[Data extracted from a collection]
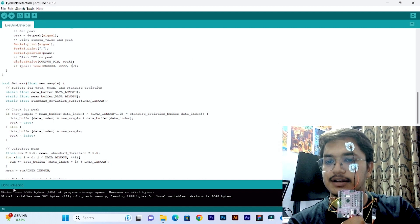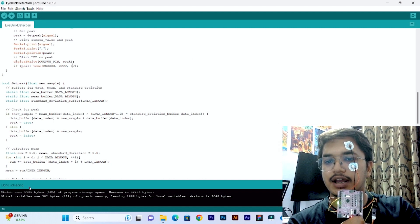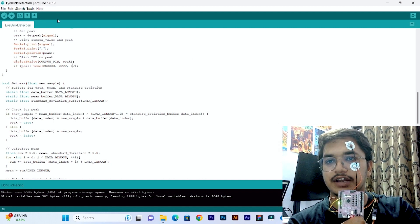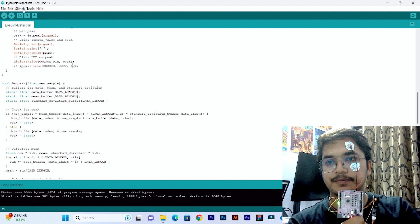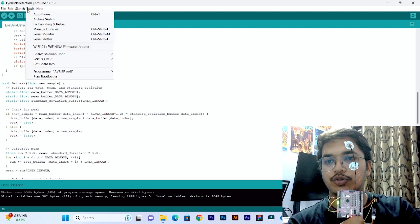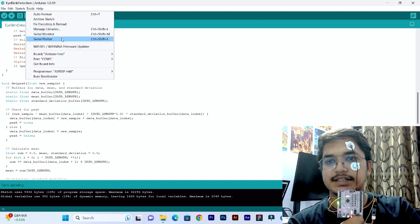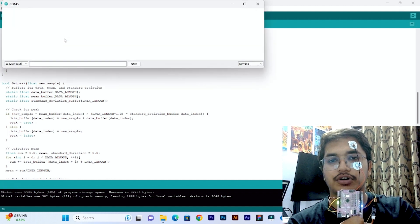It says done uploading, so there are no errors. We can go ahead. Go to tools and start the serial plotter.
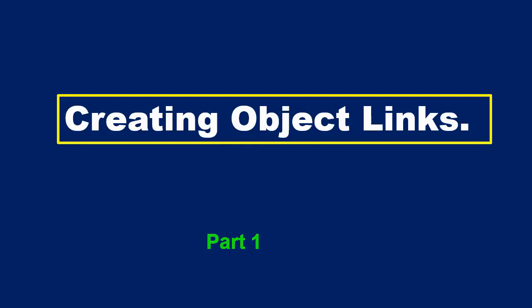Hello and welcome to this video. I'll be showing you how to create links for the objects you have on your web page.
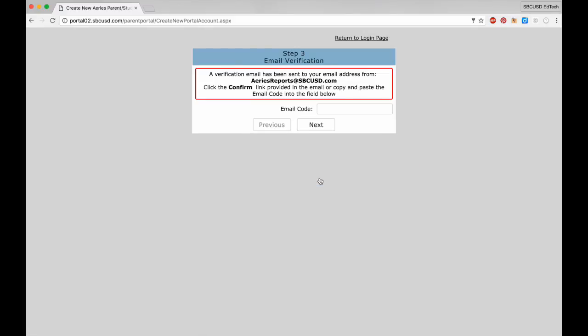At this point, the Parent Portal system will send a verification email to the email address you listed. You need to log into that email account, open the email from ARIES reports at sbcusd.com, and then follow the directions contained in that email to confirm your account.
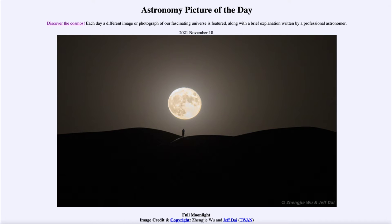Greetings and welcome to the Introduction to Astronomy. One of the things that I like to do in each of my introductory astronomy classes is to begin the class with the Astronomy Picture of the Day from the NASA website, that is apod.nasa.gov/apod.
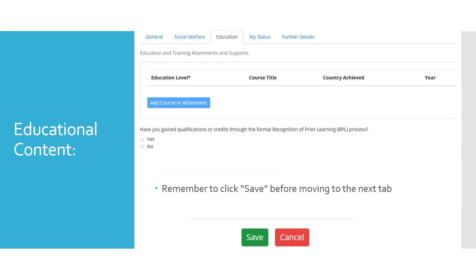The Educational tab asks questions such as: What has been your highest educational attainment to date? Have you gained qualification through recognition of prior learning? Or do you require additional learning supports? ETBs may be able to provide learners with additional learning supports such as readers or scribes where necessary. Remember to click Save before moving to the next tab.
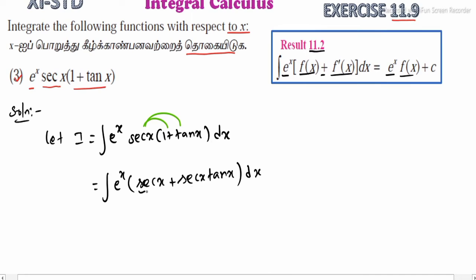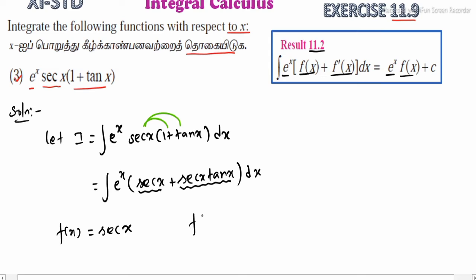In this place, sec(x) is f of x. So f of x is equal to sec(x). That is, this is the function value, and f dash of x is equal to sec(x) into tan(x), which is its derivative.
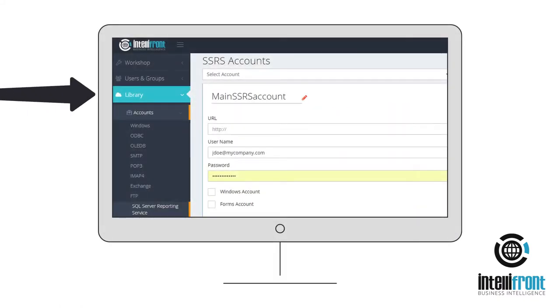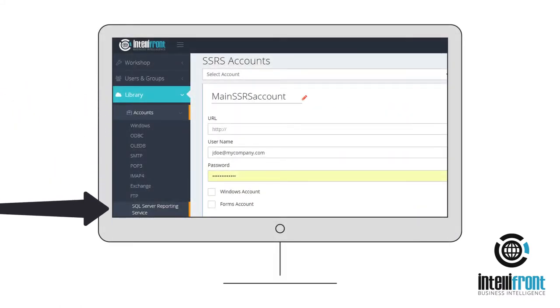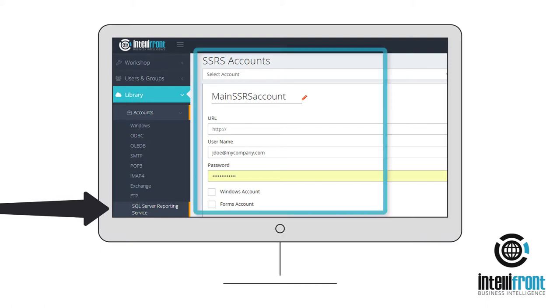Go to the Library, Accounts, SQL Server Reporting Services tab and add your account details. Now you're ready to control your SSRS accounts using the power of IntelliFront BI.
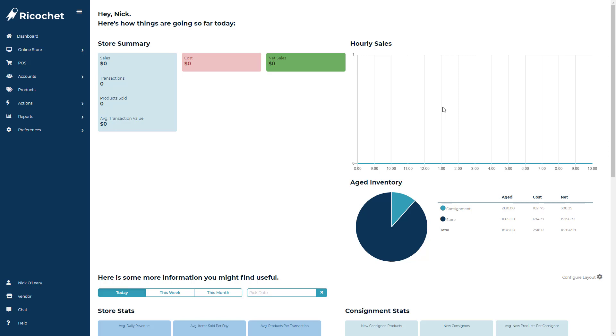Ricochet consignment software allows you to do discounts in two ways. One is an automatic discount based off in-stock date which is normally utilized by furniture or clothing consignment stores, but there's also the ability to set automatic POS discounts based off things like consigner, category, or in-store location.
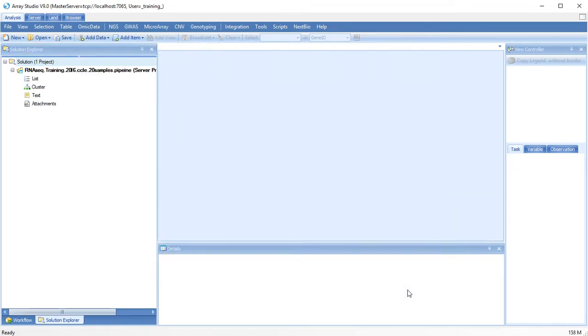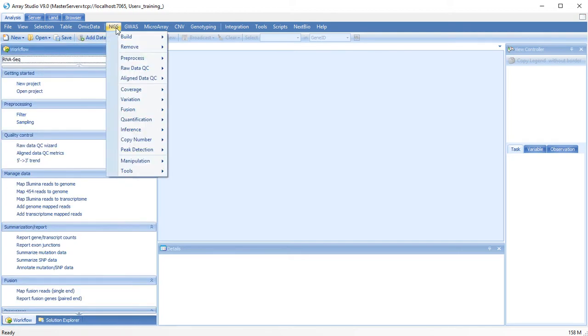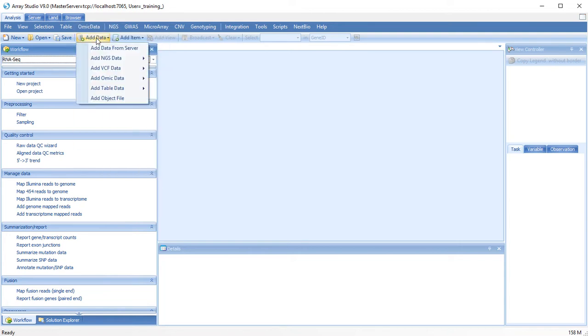To perform the RNA-Seq analysis, you can either follow the workflow, run each individual module, or you can run the pipeline.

Prompt:
Starting with the first line of the data, transcribe every line exactly through the one containing "Go to the Library, Accounts, SQL". No pictures go in.

Response:
It says done uploading, so there are no errors. We can go ahead. Go to tools and start the serial plotter.
Hello and welcome to this video. I'll be showing you how to create links for the objects you have on your web page.
At this point, the Parent Portal system will send a verification email to the email address you listed. You need to log into that email account, open the email from ARIES reports at sbcusd.com, and then follow the directions contained in that email to confirm your account.
Greetings and welcome to the Introduction to Astronomy. One of the things that I like to do in each of my introductory astronomy classes is to begin the class with the Astronomy Picture of the Day from the NASA website, that is apod.nasa.gov/apod.
The Educational tab asks questions such as: What has been your highest educational attainment to date? Have you gained qualification through recognition of prior learning? Or do you require additional learning supports? ETBs may be able to provide learners with additional learning supports such as readers or scribes where necessary. Remember to click Save before moving to the next tab.
In this place, sec(x) is f of x. So f of x is equal to sec(x). That is, this is the function value, and f dash of x is equal to sec(x) into tan(x), which is its derivative.
Go to the Library, Accounts, SQL Server Reporting Services tab and add your account details. Now you're ready to control your SSRS accounts using the power of IntelliFront BI.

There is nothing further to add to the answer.